___ SUPPLIED DATA ___

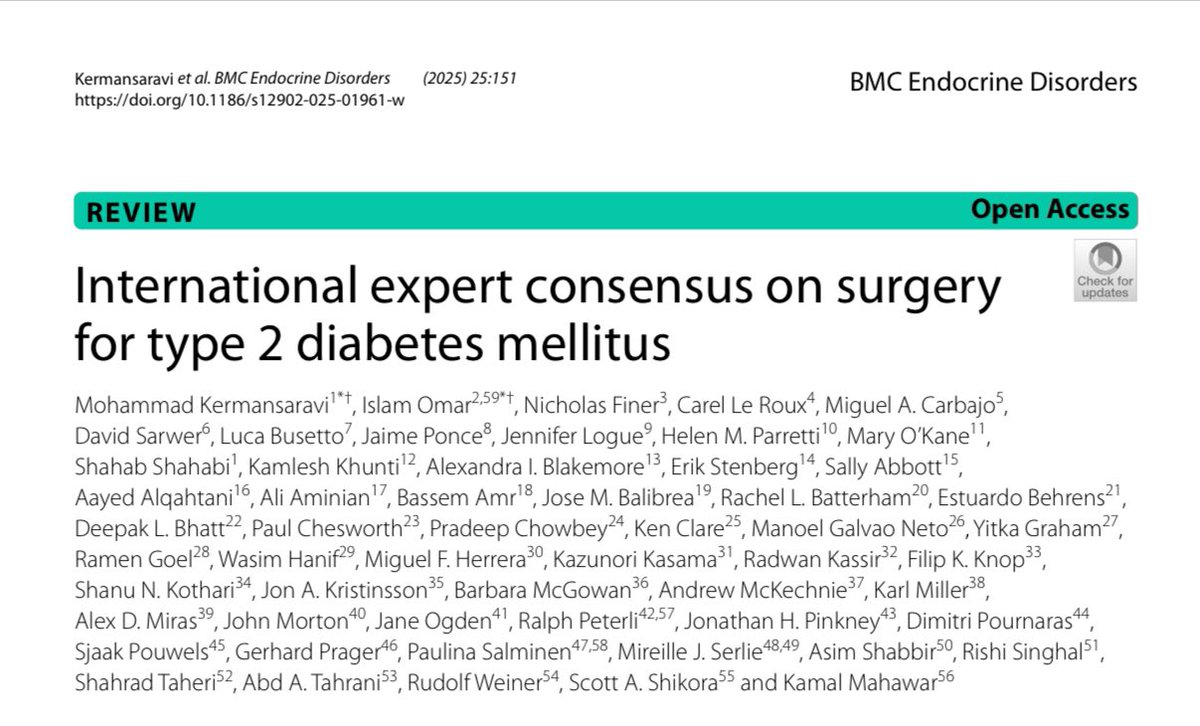 Thanks to Prof Mahawar and Dr Kermansaravi and all of our coauthors.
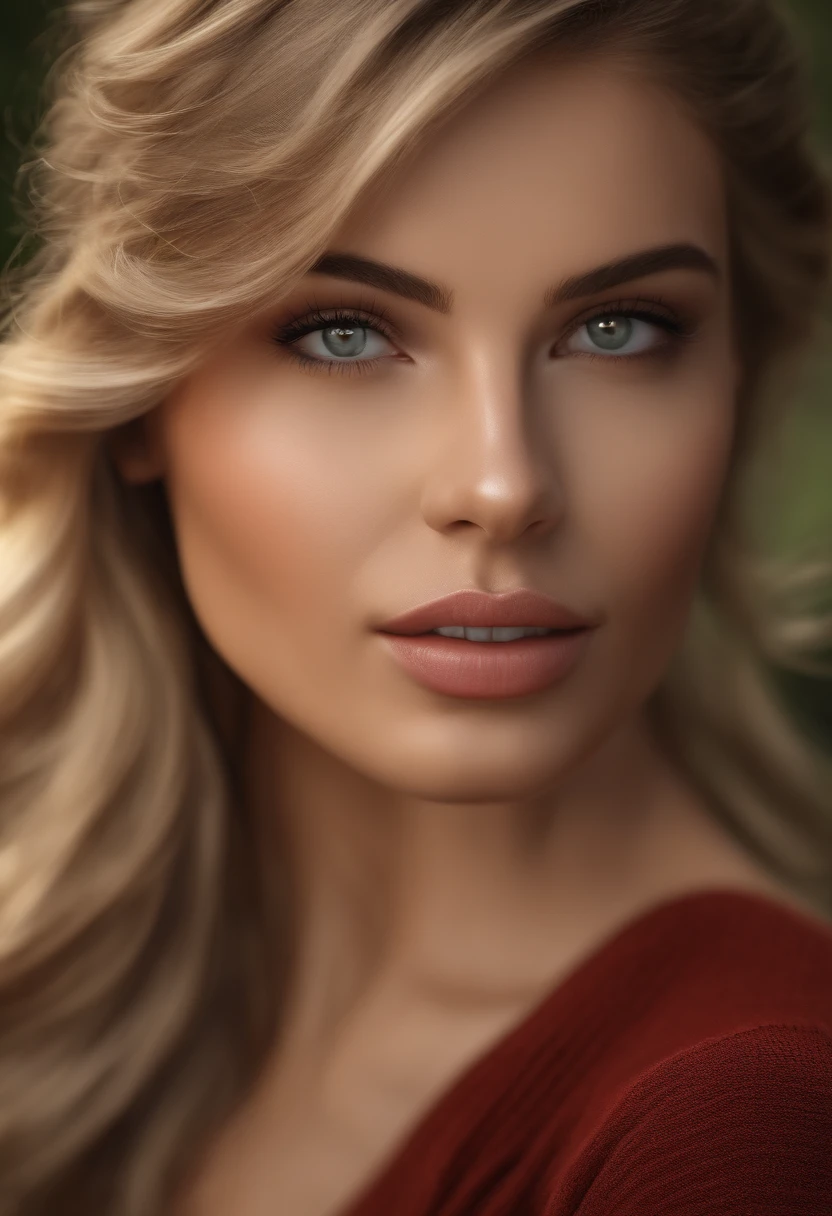 "(best quality, 4k, 8k, high resolution, masterpiece: 1.2), ultra detailed, (realistic, photorealistic, photorealistic: 1.37), girl, 27 years old, beautiful and detailed eyes, beautiful and detailed lips, extremely detailed eyes and face, long eyelashes (portraits: 1.1), medium blonde hair, green eyes, looking at up, challenging expression, stunning beauty, frontal photo, seed 2288927600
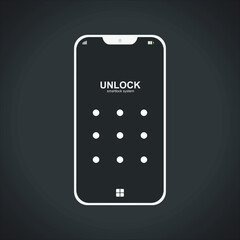 unlock smartphone vector home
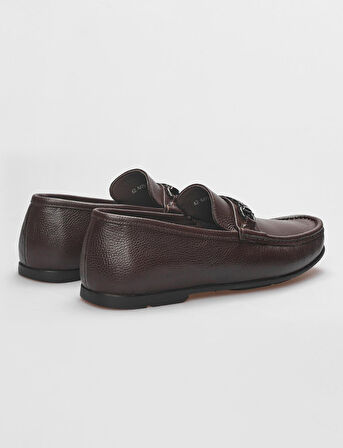 Hakiki Deri Kahverengi Tokalı Erkek Loafer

___

§ **ABOUT THIS EXERCISE**
Apart from the pictures, repeat the data above exactly.

§ **RESULT**
 Thanks to Prof Mahawar and Dr Kermansaravi and all of our coauthors.
 "(best quality, 4k, 8k, high resolution, masterpiece: 1.2), ultra detailed, (realistic, photorealistic, photorealistic: 1.37), girl, 27 years old, beautiful and detailed eyes, beautiful and detailed lips, extremely detailed eyes and face, long eyelashes (portraits: 1.1), medium blonde hair, green eyes, looking at up, challenging expression, stunning beauty, frontal photo, seed 2288927600
 unlock smartphone vector home
 Hakiki Deri Kahverengi Tokalı Erkek Loafer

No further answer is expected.